Mesmo assim, o acesso aos livros em braile ainda era um problema, uma vez que as obras não eram comercializadas. Ele dependia da doação das editoras.

Apesar das adversidades, Silva se tornou juiz no Brasil. A vaga na Justiça trabalhista foi disputada com quase 17 mil pessoas.

“Foram 229 aprovados, e eu fiquei na posição 81. Mesmo que o concurso preveja a reserva de vagas para pessoas com deficiência, neste concurso a dificuldade foi tão alta que todos os aprovados passaram com as notas mínimas exigidas. Então, não houve de fato a aplicação de reserva de vagas para pessoas com deficiências”, conta.

O dia a dia de trabalho

O juiz afirma que a tecnologia é uma aliada na hora do trabalho no Tribunal.

“Eu faço o uso do computador de forma autônoma, então, eu consigo escrever o que eu quero de forma autônoma. As minhas minutas de voto, as propostas de decisão eu escrevo autonomamente”, conta.

Para agilizar o trabalho, o juiz tem o apoio de uma estagiária de pós-graduação.

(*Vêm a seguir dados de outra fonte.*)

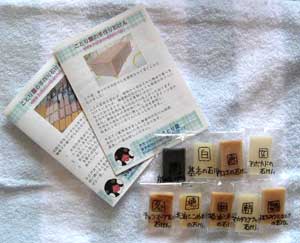 画像:ことり石けん印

“Por exemplo, eu preciso procurar um cartão-ponto em um processo de quatro mil páginas e conferir uma semana específica. Com o leitor de telas eu vou conseguir isso, mas vou levar 15 minutos e eu tenho um monte de voto para fazer. Com um mouse e enxergando, ela vai levar dois minutos. Então ela me passa esse dado e eu faço a qualificação jurídica dele”, explica.

O magistrado diz ter aprendido que utilizar um apoio, tecnológico ou humano, não tira o mérito ou a produtividade da pessoa com deficiência em realizar as coisas.

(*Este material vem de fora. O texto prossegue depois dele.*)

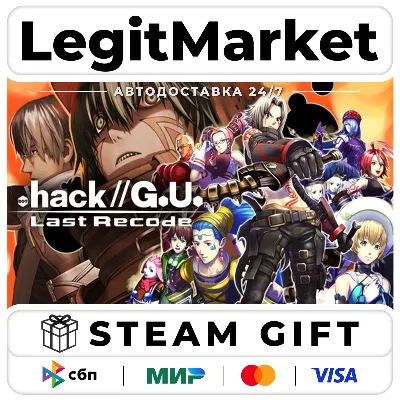 .hack//G.U. Last Recode / Steam АВТО / РУ + МИР - irongamers.ru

“Por que o raciocínio jurídico, o conhecimento jurídico é todo meu. A Gabriela, última pessoa que trabalhou comigo, apenas me dava uma informação. E era muito legal por que, por vezes, para me dar uma informação ela tinha uma curiosidade jurídica e eu acabava explicando para ela por que eu precisava daquele dado. Então, era uma troca: ela me dava a informação e eu acabava retribuindo a ela com conhecimento”, lembra.

Para Silva, situações como essa demonstram o quanto a convivência entre pessoas com e sem deficiência é fundamental para quebrar preconceitos e barreiras.

Lugares a serem ocupados

Ciente de que será a primeira pessoa com deficiência a ocupar o cargo, o magistrado garante que não quer ser o único. De acordo com ele, houve um aumento no número de pessoas cegas atuando no Judiciário, mas a presença pode ser ainda maior.

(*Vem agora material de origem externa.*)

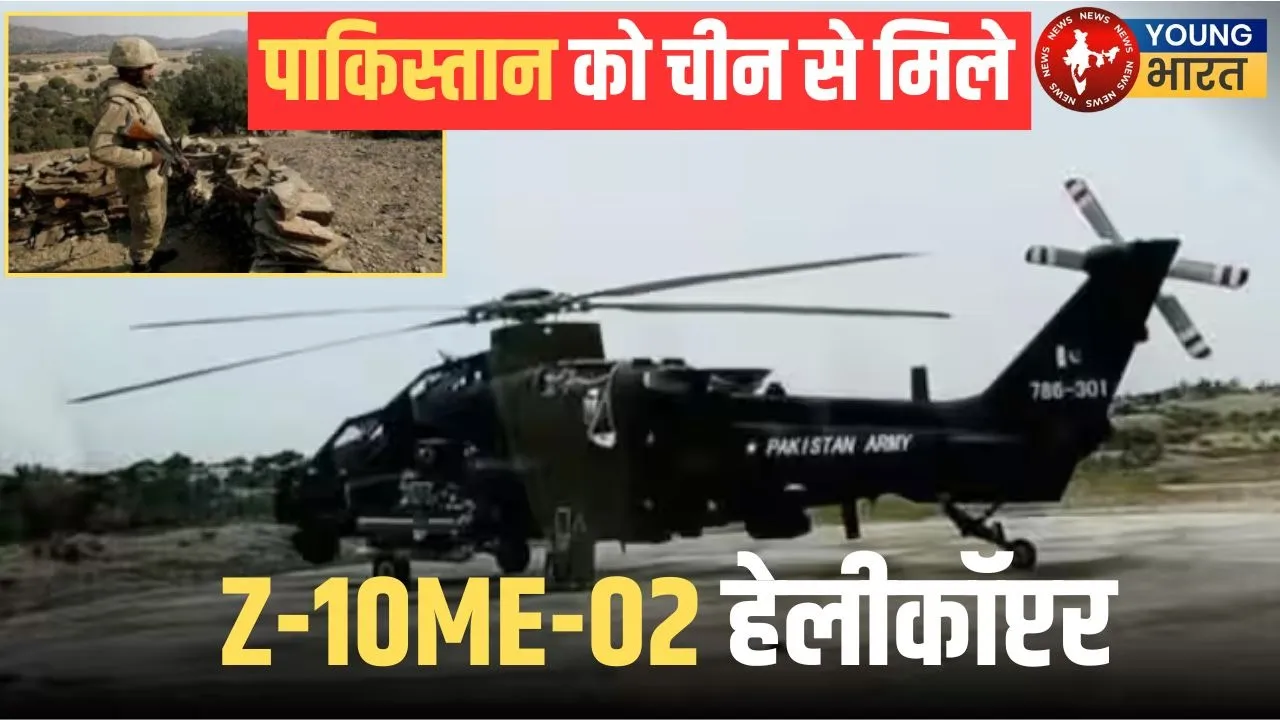Z-10ME-02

“Eu espero que tenham outros, que essa realidade de multiplicidade dos servidores ocupando os espaços tendo deficiências diversas seja projetada para esses cargos de decisão. Nós ainda somos poucos ocupando esses espaços, mas já melhorou. Espero que daqui a pouco eu esteja dando uma entrevista como essa ao lado de outros colegas”, disse.

O juiz incentiva pessoas com deficiência a acreditar, sim, que é possível e a não desistirem dos sonhos:

"O mais importante de tudo é encontrar o seu método e ter muita decisão na escolha. Toda pessoa com deficiência pode encontrar o seu caminho, desde que seja uma decisão sincera e que entenda que é um projeto e, para conquistá-lo, muitas vezes será preciso renunciar algumas coisas."